| Required action |
Look below for the line holding "Tramontina Berta Polyethylene" and the line holding "Building Photo - FOR". Repeat those two and everything between, exactly.

+ + + + + + +

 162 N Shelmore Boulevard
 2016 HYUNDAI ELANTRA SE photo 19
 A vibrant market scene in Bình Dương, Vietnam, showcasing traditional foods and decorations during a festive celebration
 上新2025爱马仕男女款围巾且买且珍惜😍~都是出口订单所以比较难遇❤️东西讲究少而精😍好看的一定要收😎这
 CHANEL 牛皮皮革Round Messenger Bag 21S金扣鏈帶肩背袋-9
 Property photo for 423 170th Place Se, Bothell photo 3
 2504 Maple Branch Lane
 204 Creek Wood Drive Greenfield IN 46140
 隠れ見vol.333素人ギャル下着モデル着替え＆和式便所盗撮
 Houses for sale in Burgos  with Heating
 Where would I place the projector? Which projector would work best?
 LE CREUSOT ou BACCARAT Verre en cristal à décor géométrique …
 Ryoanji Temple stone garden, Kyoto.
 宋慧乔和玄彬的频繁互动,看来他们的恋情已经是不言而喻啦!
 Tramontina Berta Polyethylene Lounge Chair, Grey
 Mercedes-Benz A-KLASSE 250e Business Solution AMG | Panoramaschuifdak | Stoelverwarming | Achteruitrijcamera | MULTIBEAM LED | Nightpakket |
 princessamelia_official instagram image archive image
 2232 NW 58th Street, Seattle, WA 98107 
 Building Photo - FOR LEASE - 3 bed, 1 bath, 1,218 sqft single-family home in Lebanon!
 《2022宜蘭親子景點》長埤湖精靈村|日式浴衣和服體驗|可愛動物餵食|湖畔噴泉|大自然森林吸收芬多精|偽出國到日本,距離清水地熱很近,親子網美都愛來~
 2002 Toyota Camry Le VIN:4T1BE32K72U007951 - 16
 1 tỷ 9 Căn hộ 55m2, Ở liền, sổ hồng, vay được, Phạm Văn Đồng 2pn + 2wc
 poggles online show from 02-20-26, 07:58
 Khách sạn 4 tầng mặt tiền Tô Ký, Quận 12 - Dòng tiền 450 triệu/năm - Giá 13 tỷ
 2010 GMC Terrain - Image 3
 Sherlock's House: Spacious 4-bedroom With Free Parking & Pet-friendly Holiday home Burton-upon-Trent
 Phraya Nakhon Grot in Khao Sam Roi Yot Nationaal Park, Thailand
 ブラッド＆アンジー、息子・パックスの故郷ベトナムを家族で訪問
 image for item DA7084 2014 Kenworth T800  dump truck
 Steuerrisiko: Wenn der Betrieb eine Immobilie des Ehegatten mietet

+ + + + + + +

| Response area |
 Tramontina Berta Polyethylene Lounge Chair, Grey
 Mercedes-Benz A-KLASSE 250e Business Solution AMG | Panoramaschuifdak | Stoelverwarming | Achteruitrijcamera | MULTIBEAM LED | Nightpakket |
 princessamelia_official instagram image archive image
 2232 NW 58th Street, Seattle, WA 98107 
 Building Photo - FOR LEASE - 3 bed, 1 bath, 1,218 sqft single-family home in Lebanon!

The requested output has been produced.